__Problem__:
The reply should contain all of the data below, word for word.

◆ ◆ ◆

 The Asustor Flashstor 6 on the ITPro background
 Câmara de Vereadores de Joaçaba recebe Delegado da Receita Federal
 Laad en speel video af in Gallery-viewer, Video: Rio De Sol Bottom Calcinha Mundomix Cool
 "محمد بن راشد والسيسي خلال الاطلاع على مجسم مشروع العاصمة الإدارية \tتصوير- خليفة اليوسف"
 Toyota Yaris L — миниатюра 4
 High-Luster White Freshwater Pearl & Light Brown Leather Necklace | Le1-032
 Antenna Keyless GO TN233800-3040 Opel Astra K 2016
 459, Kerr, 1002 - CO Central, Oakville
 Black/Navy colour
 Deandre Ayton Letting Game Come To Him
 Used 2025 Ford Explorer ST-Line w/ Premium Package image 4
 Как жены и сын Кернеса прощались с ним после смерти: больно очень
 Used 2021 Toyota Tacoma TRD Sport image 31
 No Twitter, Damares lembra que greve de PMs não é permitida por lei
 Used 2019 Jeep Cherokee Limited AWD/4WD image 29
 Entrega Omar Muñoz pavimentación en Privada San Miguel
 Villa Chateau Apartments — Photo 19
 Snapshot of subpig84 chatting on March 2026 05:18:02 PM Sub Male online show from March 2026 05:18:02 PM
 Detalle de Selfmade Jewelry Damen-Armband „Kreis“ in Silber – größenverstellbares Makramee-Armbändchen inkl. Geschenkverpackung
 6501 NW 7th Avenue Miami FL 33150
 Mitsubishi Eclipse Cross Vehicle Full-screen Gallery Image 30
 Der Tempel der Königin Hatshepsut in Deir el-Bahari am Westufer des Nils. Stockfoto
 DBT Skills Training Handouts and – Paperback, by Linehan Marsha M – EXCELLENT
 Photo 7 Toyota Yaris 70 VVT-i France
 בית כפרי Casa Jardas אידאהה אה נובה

◆ ◆ ◆

__Result__:
 The Asustor Flashstor 6 on the ITPro background
 Câmara de Vereadores de Joaçaba recebe Delegado da Receita Federal
 Laad en speel video af in Gallery-viewer, Video: Rio De Sol Bottom Calcinha Mundomix Cool
 "محمد بن راشد والسيسي خلال الاطلاع على مجسم مشروع العاصمة الإدارية \tتصوير- خليفة اليوسف"
 Toyota Yaris L — миниатюра 4
 High-Luster White Freshwater Pearl & Light Brown Leather Necklace | Le1-032
 Antenna Keyless GO TN233800-3040 Opel Astra K 2016
 459, Kerr, 1002 - CO Central, Oakville
 Black/Navy colour
 Deandre Ayton Letting Game Come To Him
 Used 2025 Ford Explorer ST-Line w/ Premium Package image 4
 Как жены и сын Кернеса прощались с ним после смерти: больно очень
 Used 2021 Toyota Tacoma TRD Sport image 31
 No Twitter, Damares lembra que greve de PMs não é permitida por lei
 Used 2019 Jeep Cherokee Limited AWD/4WD image 29
 Entrega Omar Muñoz pavimentación en Privada San Miguel
 Villa Chateau Apartments — Photo 19
 Snapshot of subpig84 chatting on March 2026 05:18:02 PM Sub Male online show from March 2026 05:18:02 PM
 Detalle de Selfmade Jewelry Damen-Armband „Kreis“ in Silber – größenverstellbares Makramee-Armbändchen inkl. Geschenkverpackung
 6501 NW 7th Avenue Miami FL 33150
 Mitsubishi Eclipse Cross Vehicle Full-screen Gallery Image 30
 Der Tempel der Königin Hatshepsut in Deir el-Bahari am Westufer des Nils. Stockfoto
 DBT Skills Training Handouts and – Paperback, by Linehan Marsha M – EXCELLENT
 Photo 7 Toyota Yaris 70 VVT-i France
 בית כפרי Casa Jardas אידאהה אה נובה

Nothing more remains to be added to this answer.